Hierarchical clustering and heatmap: For each cancer, a hierarchical clustering heatmap is produced based on the expression fold changes of the common set of mutated genes associated with the input (differentially expressed) genes. The heatmap has one dimension for mutated genes and the other for differentially expressed genes. If no mutated gene is associated with all input genes, no heatmap will be generated for that cancer.


Mutation Burden and Co-mutation

Function III enables landscape of gene mutations across cancers and visual inspection of mutational burdens affected by the collective mutations in input genes.

Analysis
Analysis results are provided in table format as well as graphical format depending on the options selected.

Co-mutation: Hierarchical clustering on the mutational statuses of the input genes across subjects of the selected cancers. Users can visually inspect if distinct clusters are formed among patients or genes in the dendrograms accompanying the row/column dimensions of mutation heatmap.

Mutational Burden: For each cancer, a boxplot aligning mutational burden quantities in tumor and normal will be drawn, and two-group t-test result will be attached to the boxplot. Each dot in the figure corresponds to the sample of a subject, thus all dots altogether forming one group of subjects’ samples, tumor or normal. *The mutational burden of a subject is defined as the number of nonsynonymous mutations in all genes excluding the gene set used to define mutant and wild-type.

Overall Survival: This is the same utility as implemented in Function I




Mutation Query

Function IV enables query of gene mutations by gene names or genomic locations. The sought mutations can be confined to particular subtypes. Default analysis returns a table on gene mutations in cancer patients and ordered barplots of gene mutation count (barplots are rendered for each cancer separately). The composite primary key of output table includes {Cancer, Sample, Gene, Chr, Start, End}. The count barplot is truncated at 50 top-ranking genes.




Advanced Expression Survival Analysis

Function V assists with probing survival difference based on expression of input genes.

Option 1 - Single gene: Binary Kaplan-Meier curves are rendered dichotomizing patients by expression of a single gene. One survival plot is returned for each combination of cancer and gene.



Option 2 - composite gene expression score: Multivariate Cox regression is fit on survival by incorporating all user-input genes, after which the inferred coefficients of each gene contribute as the individual weights in summation of gene expression values into a composite gene expression score (CGES). One survival plot is returned for each selected cancer.

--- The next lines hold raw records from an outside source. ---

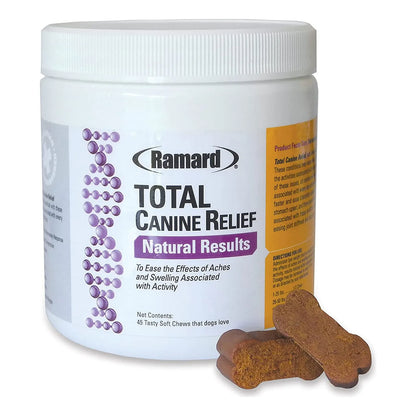 Masticables Suaves Para Alivio Total Canino Con Formula Muscular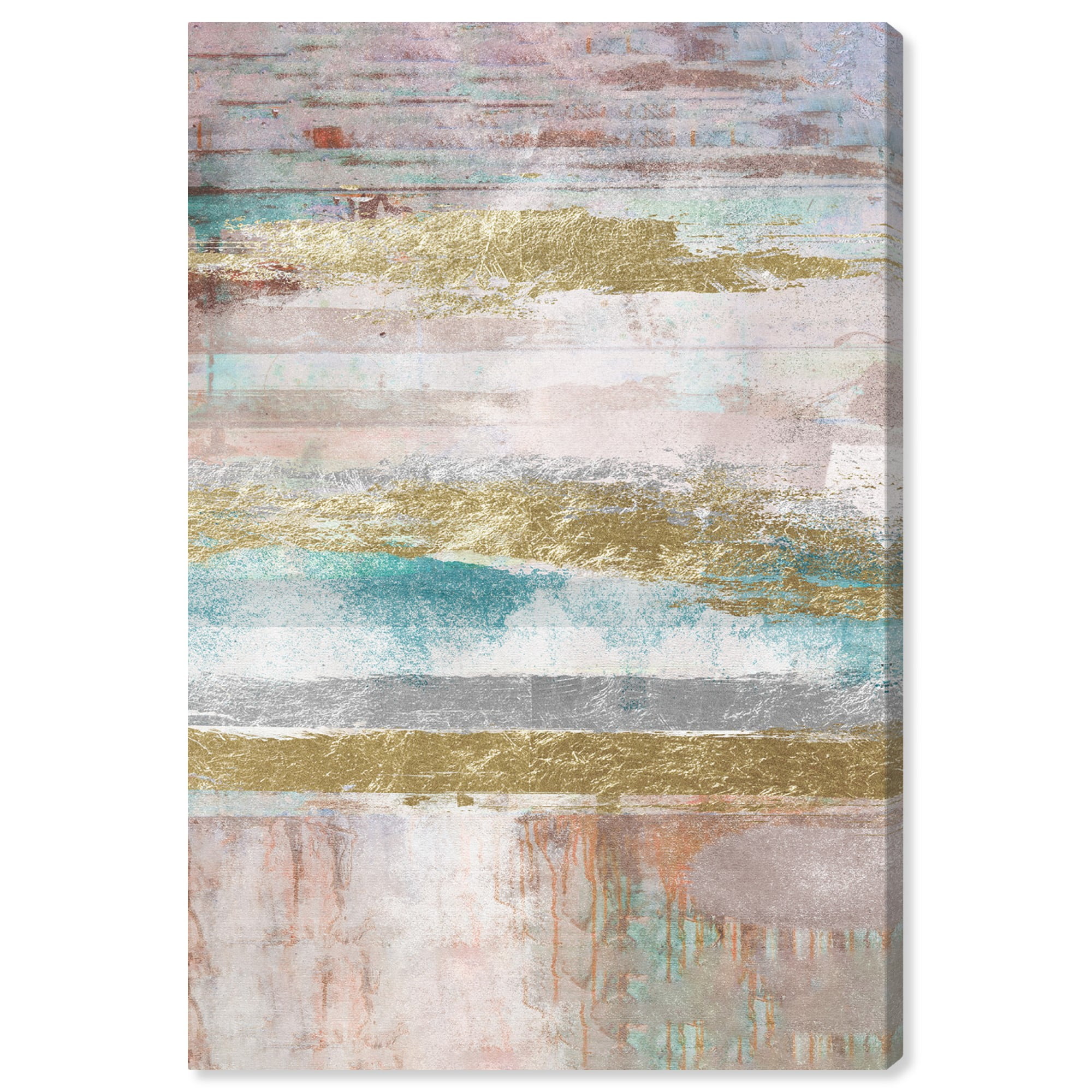 Wynwood Studio Abstract Wall Art Canvas Prints 'Mirage en Neutrale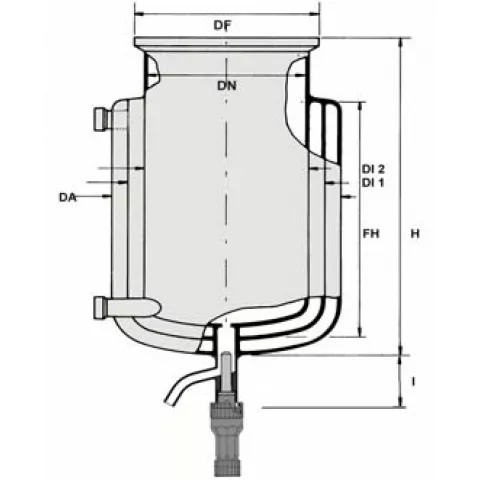 ATAV 雙夾套反應槽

Option 3 - Feature selection then selective inference: Variable selection is conducted with Cox regression on user-input genes, following which a post-selection inference is performed using R package selectiveInference. Currently, this utility returns user tables on the final genes remaining in the resultant model, for each cancer separately.



Differential Survival

Function VI aims to identify differentially expressed genes and differentially mutated genes between good survival patients and poor survival patients. R package edgeR is used for differential expression analysis, and Fisher’s exact test is used for differential mutation analysis. This utility deals with one cancer per session. Default analysis returns one table on differential expression and another table on differential mutation, as well as paired boxplot for differential expression and paired barplot for differential mutation.

Optional Pathway | GeneOntology: Functional enrichment analysis is conducted on differentially expressed genes between good survival patients and poor survival patients.